Waarom de Heer Jezus de farizeeën heeft vervloekt, en wat het wezen van de farizeeën was
Bijbelverzen ter referentie:
“En waarom overtreedt u het gebod van God, alleen om uw eigen traditie in stand te houden? Want God heeft gezegd: ‘Toon eerbied voor uw vader en moeder,’ en ook: ‘Wie zijn vader of moeder vervloekt, moet ter dood gebracht worden.’ Maar u leert: ‘Wie tegen zijn vader of moeder zegt: “Alles wat van mij is en voor u van nut had kunnen zijn, bestem ik tot offergave,” die hoeft zijn ouders geen eerbied te tonen.’ Zo ontkracht u het woord van God uit eerbied voor uw eigen traditie. Huichelaars, wat is Jesaja’s profetie toch toepasselijk op u: ‘Dit volk eert mij met de lippen, maar hun hart is ver van mij; tevergeefs vereren ze mij, want ze onderwijzen hun eigen leer, voorschriften van mensen’” (Mat. 15:3-9).
“Wee jullie, schriftgeleerden en farizeeën, huichelaars, jullie versperren de mensen de toegang tot het koninkrijk van de hemel. Jullie gaan er zelf niet binnen, maar laten ook degenen die er willen binnengaan niet toe. Andere handschriften hebben een extra vers: ‘Wee jullie, schriftgeleerden en farizeeën, huichelaars, jullie verslinden de huizen van de weduwen en zeggen voor de schijn lange gebeden op. Over jullie zal strenger worden geoordeeld dan over anderen.’
“Wee jullie, schriftgeleerden en farizeeën, huichelaars, jullie bereizen landen en zeeën om één enkele proseliet te winnen, en wanneer je hem eenmaal voor je gewonnen hebt, wordt hij dankzij jullie tot een hellekind in het kwadraat.

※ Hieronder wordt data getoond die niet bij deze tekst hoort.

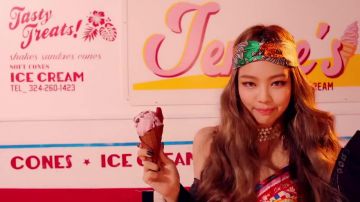 The headband floral Gucci in the clip As If It's Your Last BLACKPINK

“Wee jullie, blinde leiders, jullie zeggen: ‘Wanneer iemand zweert bij de tempel, is dat niet geldig. Alleen wie zweert bij het goud van de tempel, is aan die eed gebonden.’ Dwaas zijn jullie en blind, wat is nu van meer waarde: het goud of de tempel die het goud geheiligd heeft? Zo zeggen jullie ook: ‘Wanneer iemand zweert bij het altaar, is dat niet geldig. Alleen wie zweert bij de offergave die daarop ligt, is aan die eed gebonden.’ Blind zijn jullie, wat is nu van meer waarde: de offergave of het altaar dat de offergave heiligt? Wie dus zweert bij het altaar, zweert daarbij en bij alles wat daarop ligt. En wie zweert bij de tempel, zweert daarbij en bij degene die hem bewoont. En wie zweert bij de hemel, zweert bij de troon van God en bij hem die daarop gezeten is.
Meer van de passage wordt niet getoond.